It's not always anger. But for some reason I'm feeling a lot of that lately. At first it was just PAIN. This horrible horrible pain. Now I am ANGRY. I feel like I'm living with a thief who stole my marriage, my optimism, my innocence, and my self-esteem.


----------



## Hope1964 (Sep 26, 2011)

Anger is a normal stage of what you're going through.
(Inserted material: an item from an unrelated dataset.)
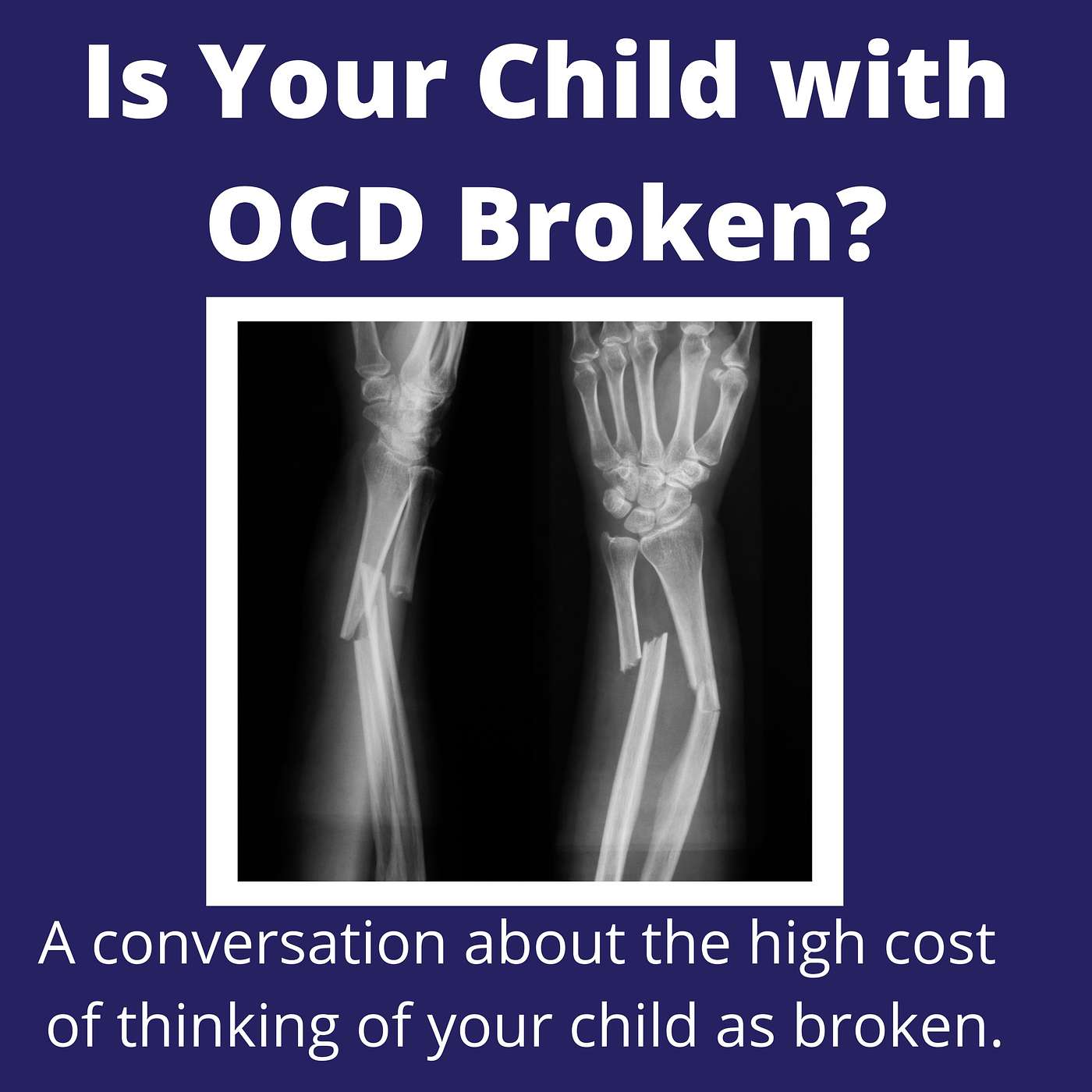 Is Your Child with OCD Broken?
How much reading up have you done about what to expect? Have you read the newbie link here? (linked in my sig) Unfortunately, what happens when someone is cheated on is well documented, and knowing what to expect can help tremendously.


----------



## underwater2010 (Jun 27, 2012)

The anger is normal. I sent my FWH a link on what to expect after reading it myself. I have lashed out only a handleful of times.  The worst came out about two weeks ago. I was informed by the MOW and her BH that they had intercourse once. When I called him and said something he denied it multiple times and then said something about me. I let him have it will all my anger. He came home and held me saying he was sorry. He still denies the sexual intercourse.


----------



## Calibre12 (Nov 27, 2012)

Google "Stages of Grief"


----------



## totallyunexpected (Nov 21, 2012)

I'm happy to share a small high in all of this. So, my WH knows that I am uber-stressed given our fallout AND being final season (first year as a Masters student). 
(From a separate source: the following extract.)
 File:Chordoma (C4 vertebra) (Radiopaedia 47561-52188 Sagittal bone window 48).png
He has to leave for work at 5:40 AM, and I needed to wake up at the same time to get my work done - which I could not do the night before (mind consumed with betrayal and the effects of it). I told him he had to make sure I was awake and up before he left for work (because otherwise I will go back to sleep).

So at 5:20 am ... 

He woke me up by giving me a morning massage! :smthumbup: It was LOVELY. He told me he loved me. It was a very good way to wake up. Right now I feel so much love in my heart for what he did for me in this time of need. I don't think I'd have the strength to do my work today otherwise.
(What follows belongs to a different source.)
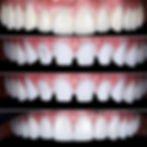 Emergency Dentist North Miami Beach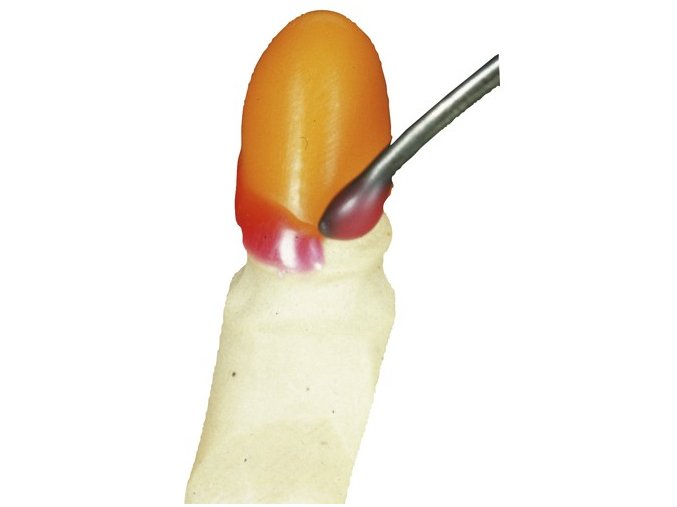 al dente Pro mod C krčkový vosk1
Just thought I'd share the positive moments as well as the miserable ones.


----------



## theroad (Feb 20, 2012)

totallyunexpected said:


> I'm in a furious state of mind. I am really close to wanting to throw this laptop at the wall - which assuredly would only cause more stress in my life. I just wrote about my anger and while trying to insert an angry face found my message deleted. The undo button wouldn't work. Just like my husband's mistakes. They can't be undone.


Upon dday and for the next 6 months the BS is on a roller coaster of emotions. They are scared, upset, unsure to stay or divorce, fighting to kill the affair.

Once the affair is over and the WS has recommitted to stay in the marriage the BS becomes secure enough to feel the anger and let their WS get blasted with both barrels.

This period from about 6 months out from dday is known as the anger phase. The anger phase can last up to 6 months.

Anger phase is a normal part of recovery.


----------



## AngryandUsed (Jun 23, 2011)

TU,

Most of us have been there.

Anger subsides over time and you will be a lot better in a year's time, regardless of the decision.

You are only 2 weeks from DD. Anger takes different routes so, remain careful.


----------



## jupiter13 (Jun 8, 2012)

OMG DD was Sept 1 2011, 4 days before our 10th. and over a year ago. Today I am seething with anger and came here to find an answer. I have to say the anger will never go away but after awhile it doesn't control you. My anger fueled the fire that all bibles have been burned, anything we got together or pictures of us have been shattered into pieces like my heart and all my dreams. The answers to my how when and why still are not satisfied and until they are I can not move forward into any kind of forgiveness of him or myself. I blame him for all the things that have gone wrong since including the death of two of our cats as his bad behavior put into motion the negative air we are having to breath.


----------



## totallyunexpected (Nov 21, 2012)

Looks like I am in the next stage of grief due to betrayal: major depression. My "seething anger" has turned to resentment, but I know resentment will only create a toxic environment for reconciliation.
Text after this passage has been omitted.